To many loads of crate.jpg

Your program might be loading crate.jpg hundreds of times. To stop this behavior, load the crate mesh once, save it in a variable, and use it when necessary.

Facing wrong Way

If you are not facing in the right direction, this is probably because you are not drawing the grid correctly. Play with the loop where you draw the grid, and particularly this line:

addCube(scene, camera, wireFrame, HERE, HERE);

This line, or the code that affects this line, is likely the problem.

Turn it in

Check in and commit the code in your repository when you are done. Submit the assignment and leave a comment if you think it will be useful.

Hints

You can probably do much of the work for this assignment in the addCubes method. Right now that method has a simple for loop in it. You will need to change that loop so that it iterates over the JSON you load.

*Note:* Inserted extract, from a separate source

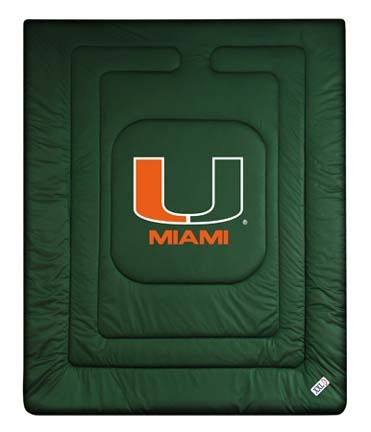 Miami Hurricanes Jersey Mesh Twin Comforter from "The Locker Room Collection" by Kentex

The JSON is a two dimensional array of integers. So we have one or more arrays nested inside another array To iterate over the two dimensional array, you need, then, to have nested for loops. Here is an example of the syntax I want you to use in the addCubes method, but of course you want to iterate over the arrays in the Grid000.json. In other words, I show you an example of a nested for loop, but not an example of the exact nested for loop that I want you to create.

Before you try to display the maze in 3 dimensions, consider using console.log to write the array to the console. That might be one way of confirming that you are properly iterating over the array. Just try to make the display on the console look like the array as it appears above, but perhaps with out the square brackets and commas. That is optional, but you might find it useful if you are having trouble with the iteration over the grid.

Here is a view inside the maze:

Figure02: Innside

Our PointerLock code allows us to jump up in the air. We might not want that as a feature of the final game, but here is a picture of how part of the maze looks when one is jumping:

Figure01: Flying

You do not have to duplicate what I have done exactly. Choose textures that interest you, and modify the maze if you wish. The boxes are obviously half underground in these screen shots, that is not important. In fact, I should probably change my code so it doesn’t do that. But whether you do that or not is not important at this stage.

Color

Somewhere in your code you might be generating this error:

THREE.MeshNormalMaterial: 'color' is not a property of this material.

Here is the kind of code that generally generates this error:

var material = new THREE.MeshNormalMaterial({
    color: 0x00ffff,   <==== PROBLEM IS HERE. DELETE IT.